Se le automobili possono andare a sbattere, se i treni possono deragliare, se gli aerei possono precipitare, le navi possono affondare. E se poi affondano per le superficialità degli esseri umani, allora al danno causato si aggiunge la beffa di una tragedia che può essere evitata se chi è chiamato ad affrontare determinate situazioni lo fa con giudizio, responsabilità e onore.
Ma la tragedia della Concordia sfortunatamente assomiglia per troppi aspetti alla nostra situazione nazionale. Un Paese che affonda lì, proprio davanti agli occhi di tutti, a due passi dalla riva dove incuriositi spettatori si accalcano per assistere alle ultime ore di luce della nostra imbarcazione. Tutto sembrava bello a bordo quando le luci, il lusso, il cibo e gli spettacoli occupavano il nostro tempo. E nessuno sapeva o si preoccupava se chi era nella cabina di pilotaggio, messo lì per garantire la sicurezza e la buona traversata di tutti, pagato fior di quattrini, fosse stato il primo ad arrendersi, abbandonando la sua nave ad una tragica fine. Poi la tragedia dove tutti, indistintamente, cercano di salvarsi, dimenticandosi della dignità umana che non riconosce  più né donne, né bambini, né anziani, né disabili, tranne qualche rara eccezione. Tutti credono di meritare di scampare alla fine a posto di qualcun altro. Ed è l’Italia che affonda in acque gelide, trascinando tutti sotto indistintamente, sacrificando solo gli innocenti e sottraendo dal pericolo chi ha provocato l’incagliamento. Perché si sa che chi comanda qualcosa è sempre ai piani alti, ed è più facile che si salvi. Sono i poveracci rinchiusi nelle stive dei motori a rimetterci la pelle, quelli che fanno andare avanti la barca, sperando che chi è al timone mantenga la giusta rotta. E pensare che una volta viaggiavamo tutti in acque ben più profonde, essendo il fiore all’occhiello della flotta. Solo ora qualcuno cerca di sbrogliare le funi che reggono le scialuppe, con la speranza di salvare il salvabile, ma questa nave è troppo inclinata per effettuare le operazioni di soccorso.

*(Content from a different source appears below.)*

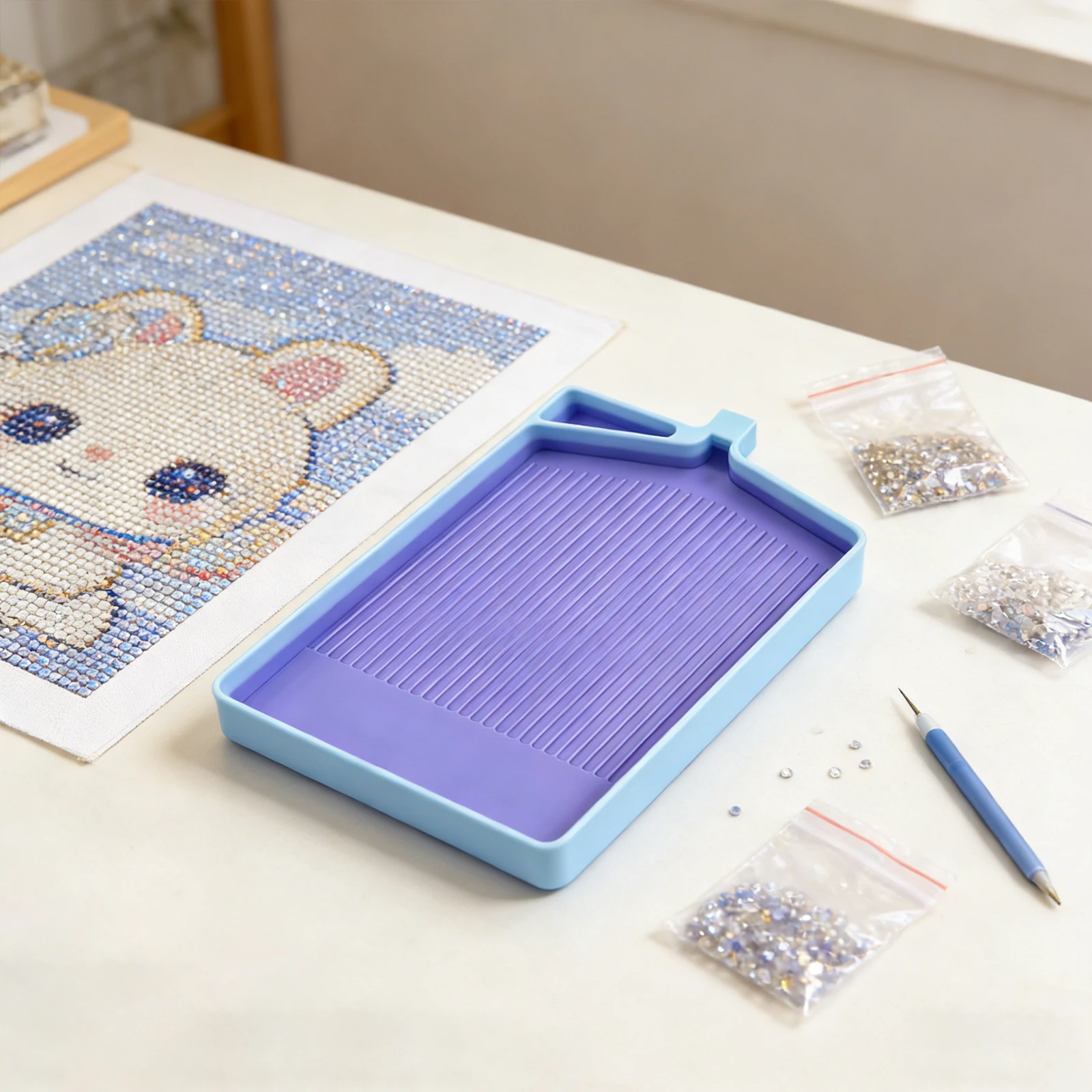 다이아몬드 아트 트레이 3D 프린팅 다이아몬드 아트 페 - Art Craft Gifts For Adults 리뷰 및 가격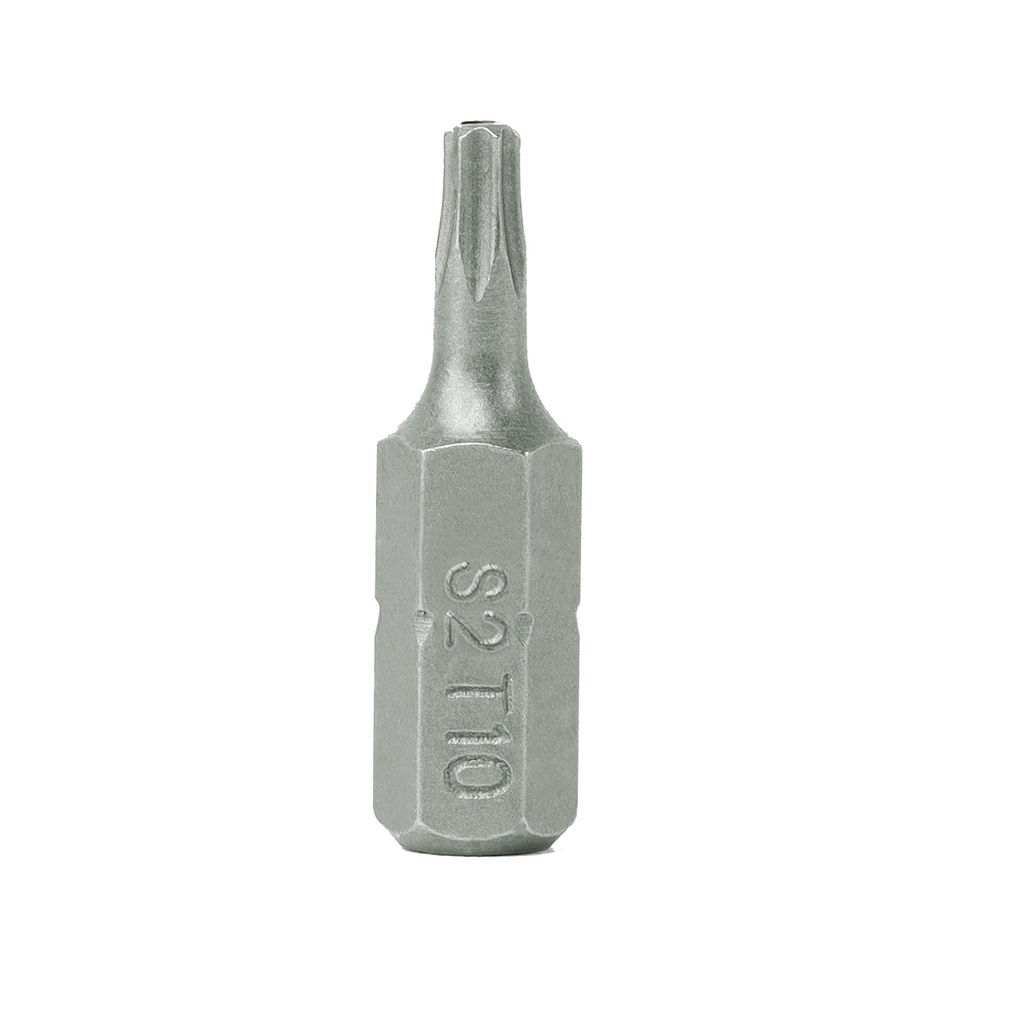 Punta Torx hexágono de 1/4", T25 x 1" 5 piezas Surtek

E c’è ancora chi guarda, ma lo fa dalla riva, avendo salvato solo la sua pelle. Guarda e tace. Dice di coordinare i soccorsi, ma i soccorsi si prestano prima a bordo e, solo quando non c’è più nulla da fare, si abbandona la nave, e lo si fa sempre per ultimi. E fa impressione vedere un’Italia che affonda per le bravate di qualcuno (politici direi, seduti in cabina di pilotaggio a coprire mafiosi, evasori, condannati e corrotti) e quel qualcuno fa parte degli ufficiali di bordo, quelli che se la spassano tra cene e champagne, in compagnia di belle ragazze, mentre si va a sbattere proprio là dove qualcuno spera, felici di sapere che anche questo mese incasseranno venti mila euro dalla compagnia Italia. E la società capitalista che sta sugli scogli a guardare, sfregandosi le mani per i gli indennizzi che guadagnerà a causa di questa sciagura, esulta. Perché bisogna dire anche questo: mentre tutto si inabissa, qualcuno ride sotto i baffi perché ne va a guadagnare. E poi qualche ufficiale, messosi al sicuro in qualche albergo a cinque stelle, fa finta di preoccuparsi della sorte degli sfortunati mandando qualche gommone con tre o quattro malaugurati a bordo per recuperare le vittime del disastro. Ma fa impressione, una brutta impressione, vedere due barchette mandate a contenere i danni dell’affondamento di quel bestione alle loro spalle. I soccorsi sono troppo miseri e, infondo, è troppo tardi.
Eppure qualcuno, che già da tempo era preoccupato, c’era; c’è sempre stato. Chiamava in continuazione per chiedere: “Ehi, lassù, è tutto apposto?”. “Certo, va tutto a meraviglia, la gente si diverte, tutti mangiano e bevono, gli altri si divertono ai casinò e qualcuno sta assistendo ad uno spettacolo. È tutto apposto. È saltata soltanto la luce, ma ora va tutto bene. L’Italia va alla grande”. Ma lo scoglio ha già squarciato tutto e la nave già imbarca acqua. Le onde che sbattono sono alte, ondate di evasione fiscale, di sprechi nel settore pubblico, di appalti in mano ai mafiosi, onde di raccomandati incapaci e di corrotti senza scrupoli. Imbarcavamo acqua da tempo, perché una nave da crociera così non può affondare in un istante. E poi c’è chi parla di ammutinamento, avanzando l’ipotesi di punire chi voleva salvare qualcosa dal disastro. E se è l’Italia di sempre, quella che già conosciamo,  il comandante starà agli arresti domiciliari, forse per continuare a coordinare i soccorsi di una nave già affondata, come dice lui, e chi invece con coraggio ed onore è andato contro il suo irresponsabile comandante, rischiando la vita per gli altri, verrà condannato per tradimento e marcirà nelle carceri. Siamo tutti qua, in bilico su uno scoglio, intrappolati nelle cabine con la speranza che il mare non si ingrossi e che qualcuno ci venga a tirare fuori. Ma se  dalla terra ferma non arriva nessuno a soccorrerci, allora mettiamoci il salvagente e con dignità ed onore rimettiamo in piedi la nostra bella nave e riprendiamo il largo, alla scoperta di mondi migliori di questo.